ASSIGNED TASK
Copy nothing before the line containing "a crista ilíaca.". Reproduce that line and all that follow, exactly, through the end of the records.

TASK DATA
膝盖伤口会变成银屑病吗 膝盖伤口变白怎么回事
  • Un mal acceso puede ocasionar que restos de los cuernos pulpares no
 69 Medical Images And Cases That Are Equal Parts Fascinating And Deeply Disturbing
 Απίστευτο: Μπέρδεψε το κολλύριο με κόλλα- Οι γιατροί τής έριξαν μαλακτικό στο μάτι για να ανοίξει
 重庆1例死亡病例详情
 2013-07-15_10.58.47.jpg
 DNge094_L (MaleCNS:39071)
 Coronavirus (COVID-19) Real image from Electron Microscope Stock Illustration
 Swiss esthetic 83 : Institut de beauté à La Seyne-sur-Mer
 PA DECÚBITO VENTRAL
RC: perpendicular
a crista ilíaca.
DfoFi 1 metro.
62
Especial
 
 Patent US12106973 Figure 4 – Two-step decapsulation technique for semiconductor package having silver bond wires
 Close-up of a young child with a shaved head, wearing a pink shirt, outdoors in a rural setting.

SOLUTION
a crista ilíaca.
DfoFi 1 metro.
62
Especial
 
 Patent US12106973 Figure 4 – Two-step decapsulation technique for semiconductor package having silver bond wires
 Close-up of a young child with a shaved head, wearing a pink shirt, outdoors in a rural setting.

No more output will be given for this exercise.